I encountered an old colleague online and was surprised to see that the life he chose to display consisted of Marvel movies and similar artefacts from mass culture. As I scrolled through the images, I realised that the popular stereotype that has bled out from the imageboards—the bloated bearded man with an open mouth—is entirely accurate. I suppose I will forever be surprised that stereotypes are accurate, though admittedly this is a new stereotype: the soy boy.
They are named for soy-substitute foods in general and in particular the popular drink Soylent, marketed as a convenience drink—an all-in-one meal, so you can work longer; or, more probably, watch all the Avengers movies in a marathon session (OMG! Totes amazeballs!). Soylent is itself an arch and ironic name; it comes from the 1970s catastrophe film Soylent Green, in which a worldwide famine is resolved by secretly reprocessing humans from an overpopulated earth into a supposedly algae-based foodstuff.

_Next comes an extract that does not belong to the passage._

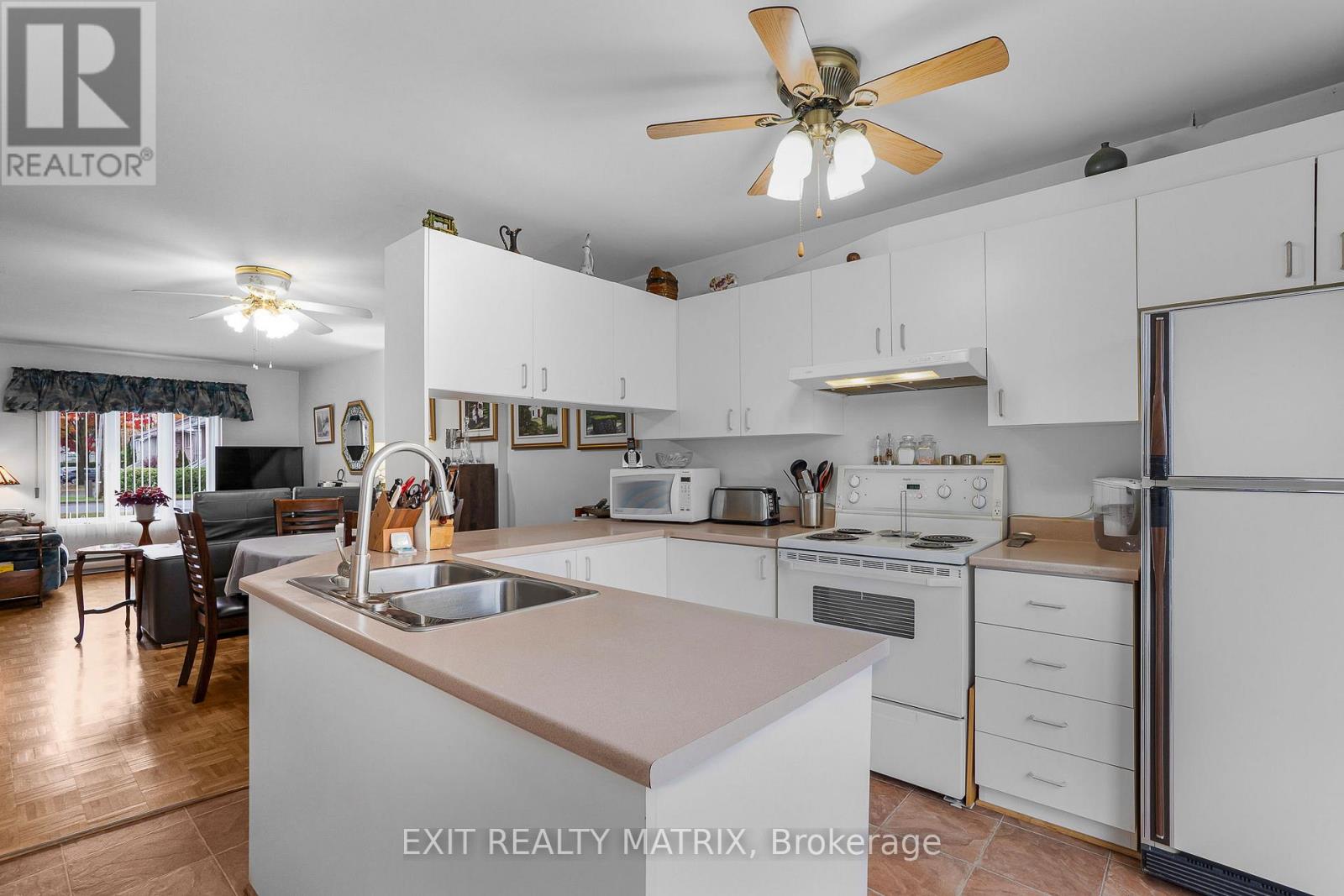 733 Spence Avenue, Hawkesbury, Ontario  K6A 3P3 - Photo 12 - X12476812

“Lol. That could never happen in real life. That’s why it’s a funny name. Duh,” chuckles the soy boy. And yet the other day I saw a TikTok from inside some Virginian industrial plant where pig feed is produced; the man behind the smartphone showed how every day he shuffled packets of expired food into a shredding machine which produced the feed. “People say we take the food out of the packets. Hell no!” It was a literal case of “how the sausage is made”; admittedly, the sausage was not “full of people”, as in Soylent Green, but it was filled with plastic and cardboard. So the paranoid heroes in the movie—considered mad when they tell the truth—are much closer to the mark than the soy boy thinks. To be “soy” is really to accept the substitute for the real; to accept sugary plant-based anti-food for meat and milk—and this applies to more than food.
The soy boy is a child; except he is without the redemptive features found in childhood, such as innocence, naïveté, and guilelessness. Rather, he retains affection for the material trappings of childhood; he collect figurines, revels in cartoon heroism, and adopts a dualistic view on life where there are “goodies” and “baddies”. He retains the worst aspects found in children: the tendency towards eating too many sweets (replaced by the equally sweet craft beer); a sentimental rejection of reality, where everything is for the best (“Of course your food is healthy! There are government regulations. Duh!); and a certain mobbish and conformist playground cruelty. To these he adds the worst aspects found in teenagers: irony and sarcasm—he takes nothing seriously, and mocks the sincere and authentic. He is too weak for the real; so he snipes at it with irony and pushes it away with sarcasm.
There is a status element at play here too. My acquaintance with a fondness for Marvel had a PhD and went to an elite school, so what was he doing enmeshed in what reactionary Germans would call schund—cultural trash. Around the 1990s, it became popular to read mass culture through a high postmodern lens; Žižek is a man who did this extensively. The real status purpose behind this was for people who are steeped in Wagner and Kafka to say: “Look, I’m so cultured I can write about trash, I can write about Die Hard, but still be considered culturally elite. I have cultural capital to burn—of course, I don’t like it sincerely.”
Soyism is not entirely attributable to this phenomenon, but the entire idea that mass culture can be enjoyed ironically by highly educated adults is partly explained by this status game—further, not everyone gets irony; so to be permanently ironic signals higher intelligence and social status. This is what is unhealthy about their figurine collections; they are not engaged in sincere childhood play with these toys, nor are they wistfully reminiscing about the lost world of childhood—rather they are playing a phoney game to look clever.